The actor’s life for them has meant two successful careers consistently charging away but separately. Exception: A. R. Gurney’s beautiful play, The Old Boy, allowed them to spend a summer at his alma mater, SUNY Purchase, again playing exes. “It was funny because it was about a guy going back to his own boys’ school to give the commencement address,” says Sanders. “He was a politician, but in this case, it was the first time I had gone back to that school, so there were some connections there.”
In 2010, Nelson waved the quartet of Apple plays at them, and they had the luxury of co-starring for four years. When the Gabriel plays came up this year—an express train of three plays in one year—they hopped aboard like a conditioned reflex.
In both cycles, they were in excellent company. Laila Robins, J. Smith-Cameron, Shuler Hensley and Jon De Vries numbered among the Apples; now, gathering around the Gabriel table are the newly widowed Plunkett, her husband’s sister (Amy Warren), brother (Sanders) and sister-in-law (Lynn Hawley), the clan’s matriarch (Roberta Maxwell) and, bizarrely, the deceased’s first wife (Meg Gibson).
Sanders and Plunkett entered both of these family circles with the extra edge of decades of togetherness. “Because we do like each other and because we do have intimacy with each other and live together like these families, we have that already built in,” the actress concedes. “We don’t have to create that. It’s there already.”
Nevertheless, they kept that carefully in check, according to Sanders. “I think the biggest thing is the dynamic of the casts that we’re in—being equally connected to everybody else on stage, so we don’t in any way alienate them or make them feel that we’re a unit separate from them. We don’t spend an inordinate amount of time just talking to each other on stage. In any family relationships, everybody’s talking.
“Our familiarity with each other, of course, was helpful. We’ve often been asked if it’s strange playing brother and sister or brother- and sister-in-law, and we say, ‘The strange thing would be if we were brother and sister playing a married couple—that would be strange.’ You could play it, but letting yourself go there would be difficult.”
Performances by all hands are bone-dry real and natural—a quality Plunkett credits to Nelson’s “exactly life-sized” writing and directing. “I think of it as just a complete surrender,” she says. “You can’t be thinking of showing anything. You have to enter the room and be in the room. If you’re thinking of other things, it won’t work.”

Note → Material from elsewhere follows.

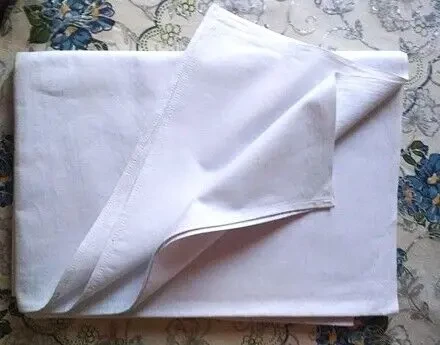 Простыня простыни 2 штуки натуральный белый, голубоватый оттенок хб 2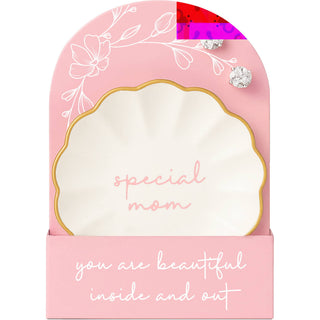 Earring And Dish Set - Special Mom - Shop Rust & Ruffles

Of course, in this case, the meal doesn’t cook itself, so you have to think of other things. “In rehearsing the play we’re doing now,” she continues, “we staged the whole thing the first week. Now, we’re going through scene by scene, trying to mix the real food in. As with anything, you find when you make believe, you can do so many things, but when you actually do them in real time, you’re suddenly going, ‘Omigod! I got a pot of hot potatoes here. I have to drain ‘em. Do I have a line now?’ ”
Nelson watches the kettle and cast intensely, stamping out any false moves or moments. “There’s a line he says when he’s directing,” Plunkett recalls. “He says, ‘I don’t really know how to do this, but I know if it’s not right. It can’t look like a play. How do we make it not look like a play?’ When it feels right to him, it’s right. It’s all about just being there, being present and real—as real as you can when saying lines.”
Although these Nelson family picnics tend to pop up on dates of no small political importance, Nelson himself prefers to play the apolitical card. “I don’t consider myself a political dramatist at all,” the writer-director declares. “I think that I’m a socialist dramatist, but really I just write about people I’m interested in. I’m not interested in convincing anyone of anything. I’m not interested in convincing anybody to vote for anyone. I’m simply interested in showing the complexity of people in a truthful situation, and that often includes politics in our society.”